§ **WORK TO COMPLETE**
Your answer should be the lines of the material that include the word "this".

§ **DATA FOR PROCESSING**
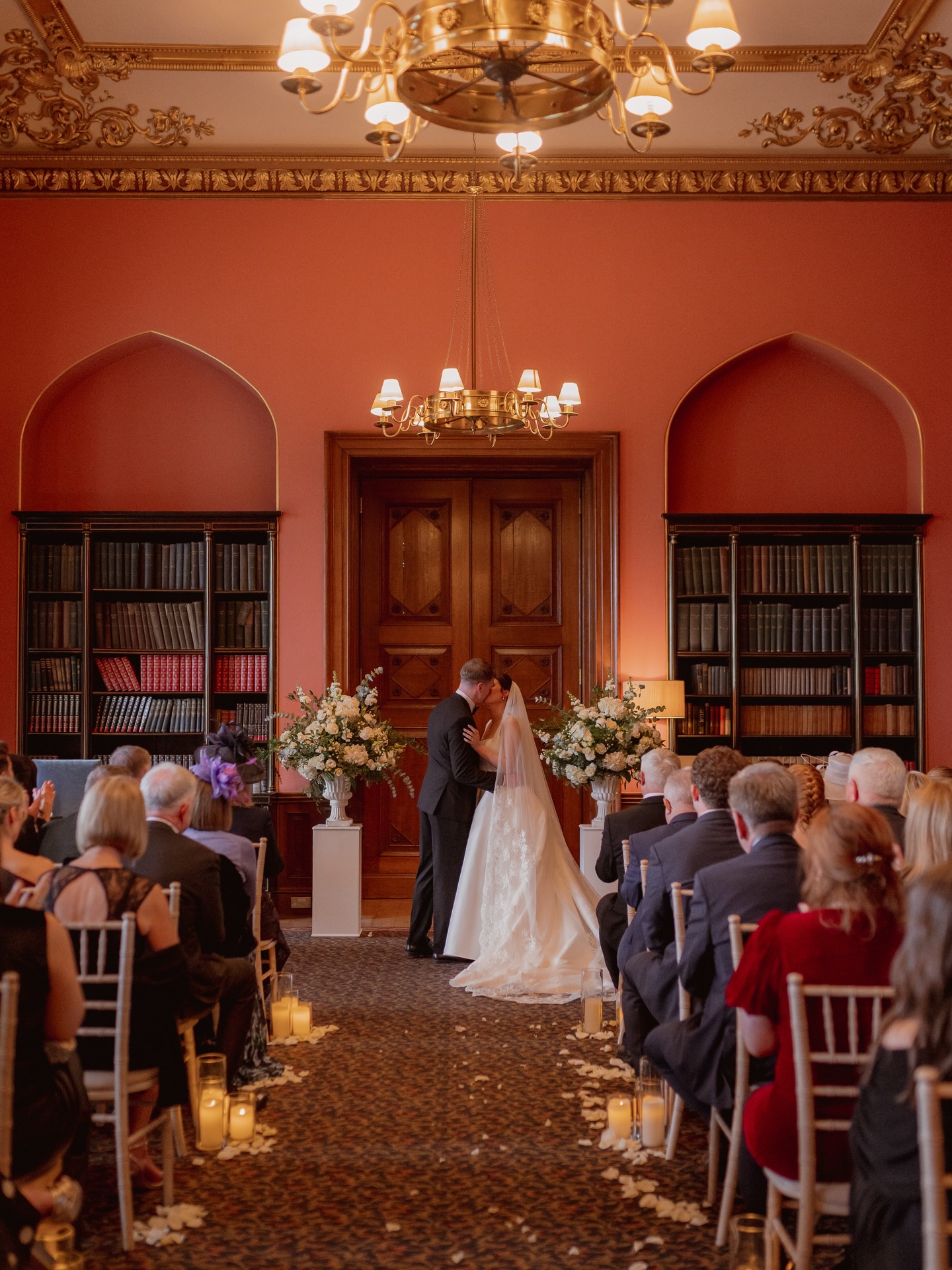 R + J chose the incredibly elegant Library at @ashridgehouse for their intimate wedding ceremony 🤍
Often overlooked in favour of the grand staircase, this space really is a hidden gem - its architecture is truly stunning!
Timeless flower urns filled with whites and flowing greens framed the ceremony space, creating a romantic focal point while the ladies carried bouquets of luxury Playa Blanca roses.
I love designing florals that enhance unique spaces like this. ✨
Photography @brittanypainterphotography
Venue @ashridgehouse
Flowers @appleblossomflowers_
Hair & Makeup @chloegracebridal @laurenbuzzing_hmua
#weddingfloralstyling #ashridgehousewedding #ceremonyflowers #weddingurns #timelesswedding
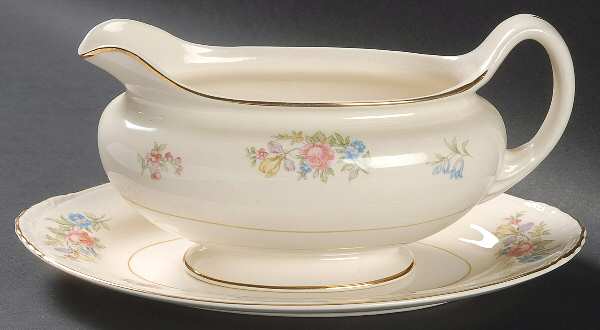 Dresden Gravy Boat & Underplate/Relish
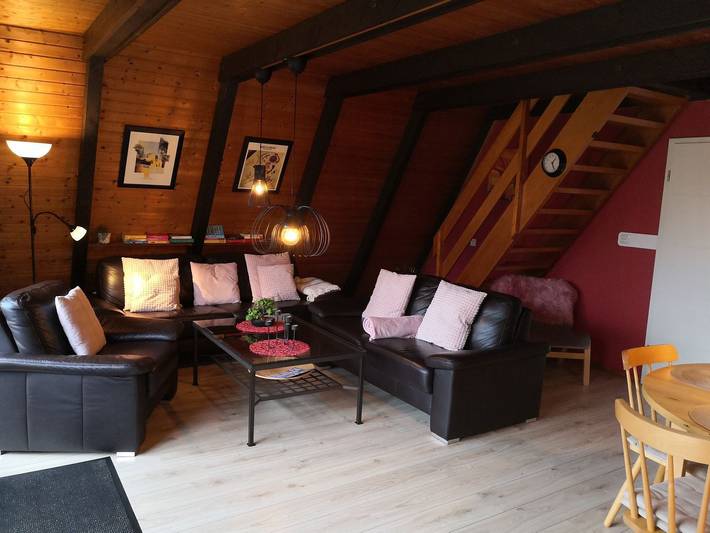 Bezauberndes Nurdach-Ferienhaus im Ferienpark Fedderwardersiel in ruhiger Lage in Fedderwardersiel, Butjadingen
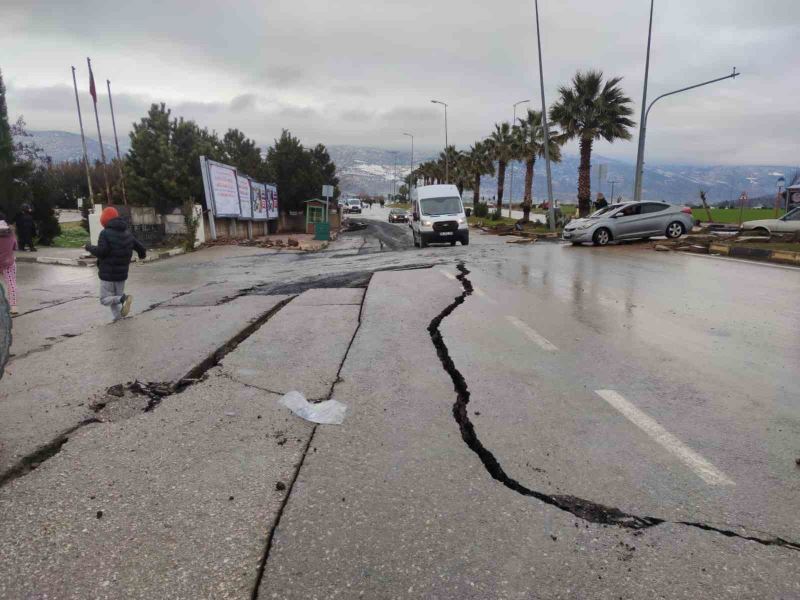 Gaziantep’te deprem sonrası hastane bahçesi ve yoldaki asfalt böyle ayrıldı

§ **EXERCISE RESULT**
Often overlooked in favour of the grand staircase, this space really is a hidden gem - its architecture is truly stunning!
I love designing florals that enhance unique spaces like this. ✨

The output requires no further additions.